9. The scope of jurisdiction of the High Court under Article 226 of the Constitution in dealing with the ‘writ of certiorari’ against the order of the Election Tribunal was the question, which arose for consideration before the Constitutional Bench of the Supreme Court in T.C. Basappa vs. T. Nagappa6. In the said decision, the Supreme Court held at paragraph 7 that judicial acts are amenable to the ‘writ of certiorari’, which reads as under:
“7. One of the fundamental principles in regard to the issuing of a writ of certiorari, is, that the writ can be availed of only to remove or adjudicate on the validity of judicial acts. The expression “judicial acts” includes the exercise of quasi-judicial functions by administrative bodies or other authorities or persons obliged to exercise such functions and is used in contrast with what are purely ministerial acts. Atkin, L.J. thus summed up the law on this point in R. v. Electricity Commissioners, ex p London Electricity Joint Committee Co. (1920) Ltd. [R. v. Electricity Commissioners, ex p London Electricity Joint Committee Co. (1920) Ltd., (1924) 1 KB 171 at p. 205 (CA)] : (KB p. 205)
“… Whenever anybody or persons having legal authority to determine questions affecting the rights of subjects, and having the duty to act judicially, act in excess of their legal authority they are subject to the controlling jurisdiction of the King’s Bench Division exercised in these writs.””
(Emphasis Supplied)
9.1. The Supreme Court in Radhey Shyam vs. Chhabinath7 (decided on 26th February, 2015), while referring to the aforesaid judgment in T.C. Basappa (Supra) clarified that the expression ‘judicial acts’ at paragraph 7 in the aforesaid judgment is not meant to refer to judicial orders of Civil Courts. The Supreme Court held that judicial orders of the Civil Courts can be challenged by a party in a petition filed under Article 227 of the Constitution alone and not under Article 226 of the Constitution.

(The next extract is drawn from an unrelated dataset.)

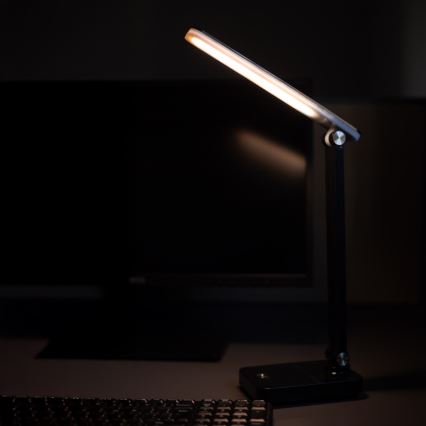 Zuma Line - Genopladelig LED bordlampe LED/8W/1200 mAh 3000/4500/6000K CRI 90 sort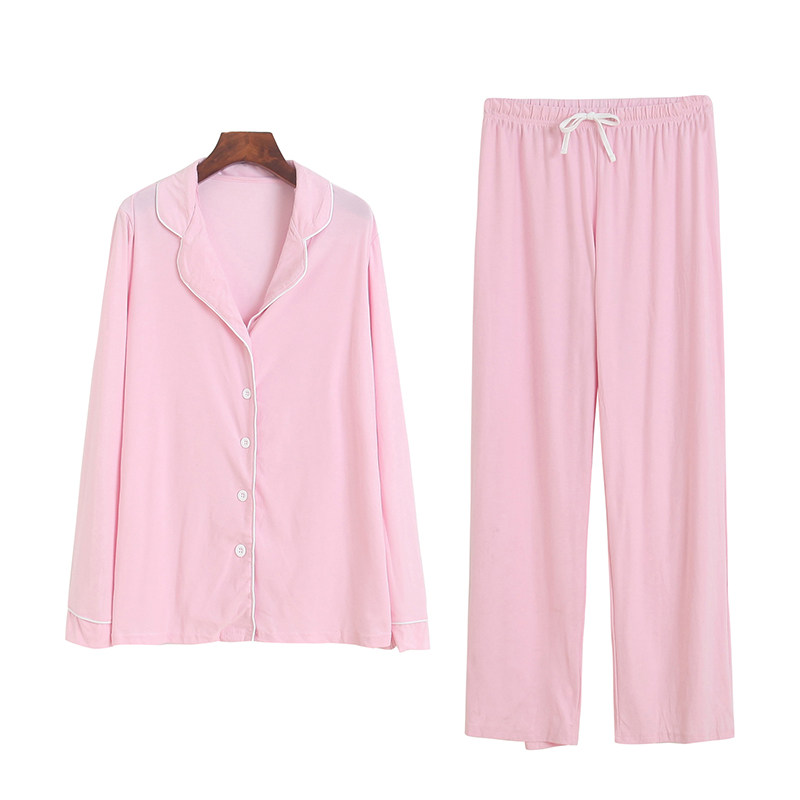 外贸春秋款宽松舒适大码家居服长袖长裤睡衣睡裤两件套单卖空调服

9.2. In view of the aforesaid judgments, with the exception of the judicial orders of the civil courts, it is well settled that the orders passed by tribunals as well as the judicial acts by administrative bodies or authorities or persons exercising quasi-judicial functions are all amenable to challenge under Article 226 of the Constitution. Therefore, the order dated 12th December, 2015 passed by the Maintenance Tribunal was certainly amenable to the jurisdiction of the Court under Article 226 of the Constitution.

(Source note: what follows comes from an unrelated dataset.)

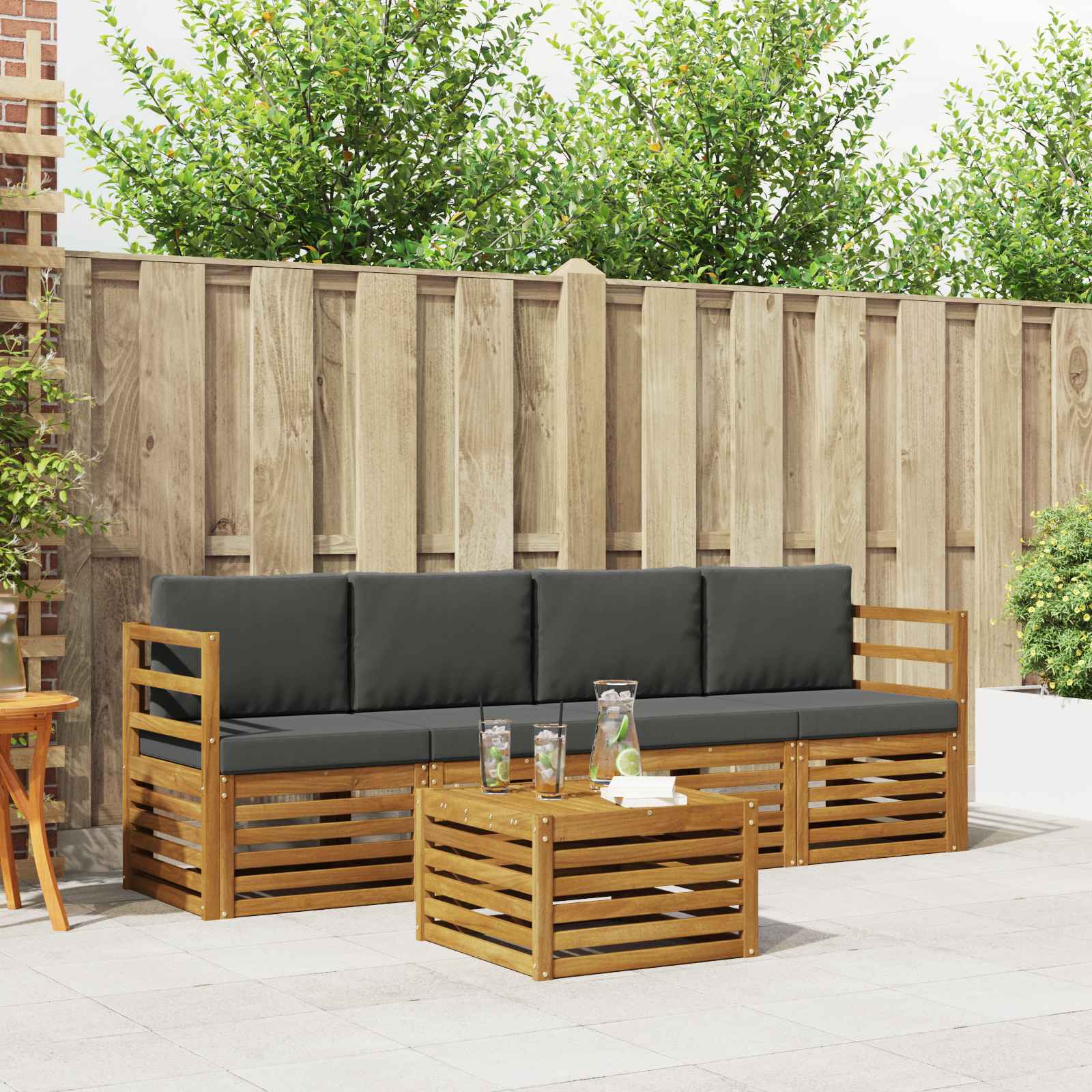 Outdoor-Sofagarnitur mit Kissen 5 pcs Natur und Anthrazit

9.3. The orders passed by tribunals8 are, however, separately also amenable to challenge under Article 227 of the Constitution.
9.4. As against the order of a tribunal such as the Maintenance Tribunal, the aggrieved party, therefore, has the option to either invoke Article 226 or Article 227 of the Constitution depending upon the nature of relief sought in the petition.
10. Under Rule 22 (3) of the Delhi Maintenance and Welfare of Parents and Senior Citizens Rules, 2009 (as amended in 2016), the Maintenance Tribunal is presided over by the Dy. Commissioner/District Magistrate (‘DM’). The appeal against the order passed by the Maintenance Tribunal lies before the Divisional Commissioner, Delhi as per Section 16 of the Act of 2007 at the instance of the senior citizen alone. The orders passed by the Maintenance Tribunal are, therefore, an exercise of quasi-judicial function by administrative persons as contemplated in paragraph 7 of the judgment of the Supreme Court in T.C. Basappa (Supra).
11. The Respondent No.1 elected to invoke the jurisdiction of the High Court, both under Articles 226 and 227 of the Constitution and filed the proceeding as a writ petition. In the facts of this case, as noted above, the learned Single Judge after examining the scope of Section 23 of the Act of 2007, concluded that the Maintenance Tribunal acted in excess of its jurisdiction as the necessary averments or essential facts for invoking the said tribunal’s jurisdiction were not pleaded and proved by the original applicant i.e., late Smt. Satya Rani Chopra. The learned Single Judge thus, set aside the order of the Maintenance Tribunal and consequently, the original proceedings stood quashed. The learned Single Judge set aside the order of the Maintenance Tribunal for being in excess of its statutory jurisdiction and brought to an end the entire original proceeding before the Maintenance Tribunal. The learned Single Judge was not called upon to issue any further ancillary directions under Article 227 of the Constitution to the Maintenance Tribunal. In these facts, we are of the considered opinion that the learned Single Judge passed the impugned judgment setting aside the order of the Maintenance Tribunal was in exercise of his power under Article 226 and not under Article 227 of the Constitution of India.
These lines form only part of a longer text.